● **What to work on**: Here the job is to transcribe only the lines from the one containing "أطر الصحة بإيغود" through the last line below, exactly as written; please leave out pictures.
Collected material section start
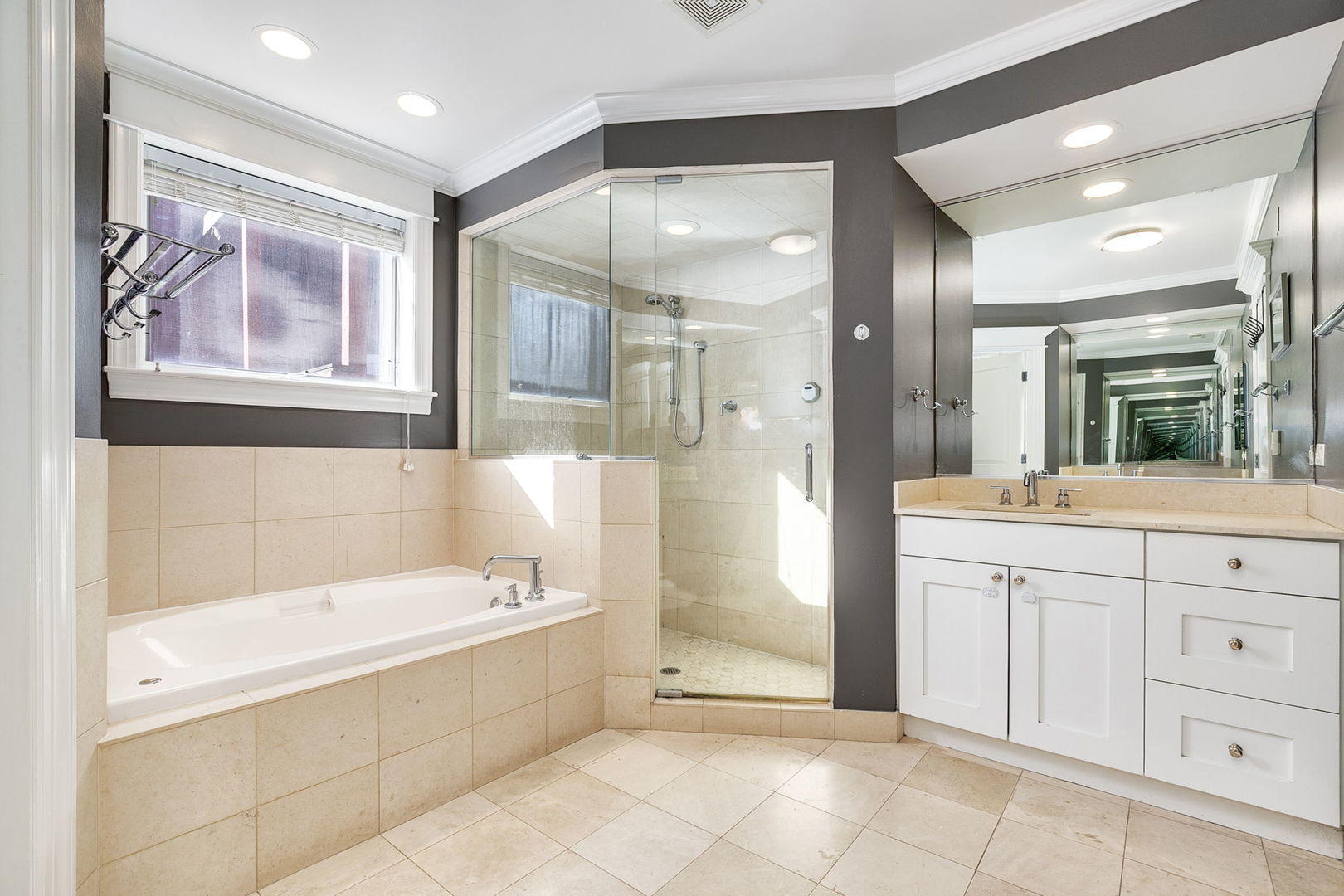 663 W Wellington Avenue Unit: 4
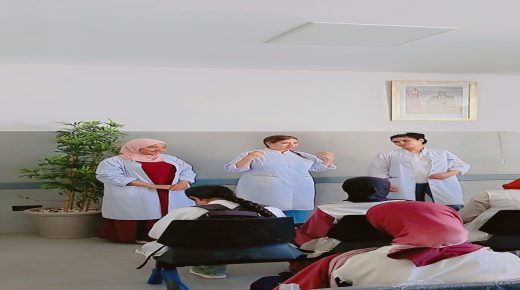 أطر الصحة بإيغود يؤطرون تلاميذ مؤسسة تعليمية في حملة تحسيسية حول الوقاية من لسعات العقارب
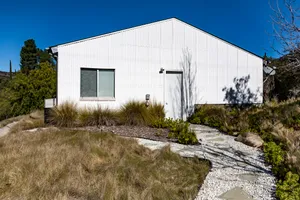 Rad Pool House Photo 4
Collected material section end
● **Result of this exercise**:
 أطر الصحة بإيغود يؤطرون تلاميذ مؤسسة تعليمية في حملة تحسيسية حول الوقاية من لسعات العقارب
 Rad Pool House Photo 4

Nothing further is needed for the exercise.